We can go months without talking about Jenny McCarthy, so isn’t it interesting that suddenly she wants attention right now? She attended the Grammy Awards with her husband, Donnie Wahlberg, because he was a presenter. Jenny decided to debut her new hairstyle: Smurf blue hair. It did not go over well, possibly because Jenny’s so full of Botox and bulls–t that people rightly assumed she was just pulling a dumb-famewhore stunt rather than “oh, I’m so fun and vivacious!” She looked like a Disney villain.
Well, Jenny still has blue hair, and she still wants attention. Which is why she and Donnie attended the Leather & Laces Super Bowl LII party in Minneapolis this weekend. They walked the red carpet and everything. I guess it’s not that big of a deal – I mean, it’s not like she has a lot of sh-t on her plate these days? Of course they could travel to Minneapolis to attend the parties and the Super Bowl. Donnie is a big Patriots fan – the whole Wahlberg family is ride-or-die for the Pats and Tom Brady. So it’s sort of funny that LOOK AT ME Jenny McCarthy’s team lost, right?

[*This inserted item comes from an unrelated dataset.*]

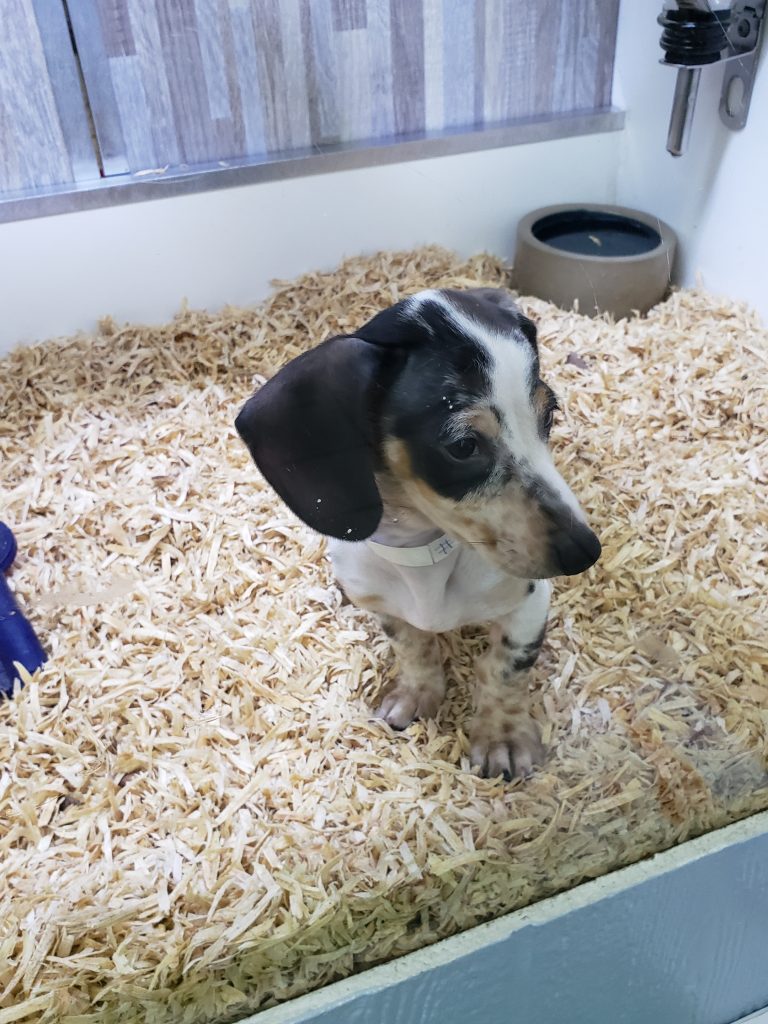 black, tan and white puppy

I guess what’s notable here is that Jenny is really leaning into the Disney Villainess thing with her blue helmet hair. She looks like Cruella de Vil scalped some Muppets to make a f–ked up wig.
Photos courtesy of WENN.
Yikes! She looks really harsh and tired. Hair & makeup doing her no favors.
Is it me or is she turning into Jenna Jameson here???
Donnie isn’t impressed either.
For an anti-vaxxer she does play very well the Billboard of Botox
Exactly. She’s fine with filling herself with silicone, Botox, and fillers, but heaven forbid children get vaccinated against preventable disease.
I would love for this anti-science ignoramus to go away and never come back on the public stage. She’s done enough damage.
They both make my skin crawl.
Anti-vaccine but pro plastic surgery and Botox? Clearly there’s some risks she doesn’t care about. The hair is well colored, but looks dumb on her. However, this could be bias because I find her to be an absolute moron.
I wonder what’s going on with her hands that she always wears those little gloves now. Aging?
The blue hair is aging. I find this kind of a boring trend that has had it’s day.
Why oh why does this woman look so old in her forties?
I don’t give a toss about her but i like the hair color alone. Cos it’s blue and I’m a sucker for blue.
I like the blue too. It reminds me of “Joy” from Inside Out. I just don’t like her. She spreads pestilence, not joy.
Ugh Jenny. Just go away please.
And yes, she is full of fillers, plastic surgery and implants. She looks harsh and I see a bitterness in her looks. Trying to hang on to her “fame” at any cost. Did she not save any money? Why is she still getting press?
I feel like famous people never save money. They feel like they will be famous forever so spend everything on their ridiculous lifestyles instead of being smart about it.
She’s turning into Ursula from The Little Mermaid.
(The glove thing has to do with recovery from laser and chemical peels.)
Looks like she has a new set of boobs, they’re still riding a little high. I love the dress, though. I was surprised to see that it was floor length.
I don’t mind the blue hair, but it isn’t right for her. It ages her terribly.
The hair is pretty try-hard but I don’t think she looks that terrible.
Well, she’s dumb, so her hair matches.
i think she is red hot
I had that colour hair, and you can see if you look closely that it is fading to a blue-green. It’ll eventually end up turquoise, and it’s hellaciously difficult to get out. She’ll probably want to change it, her hairdresser will say “this will take six months” and she’ll just buzz it and get press for that. Or if she doesn’t look good with buzzed hair, she’ll wear wigs; it’s not like her regular hair isn’t teased into wiglike styles anyway.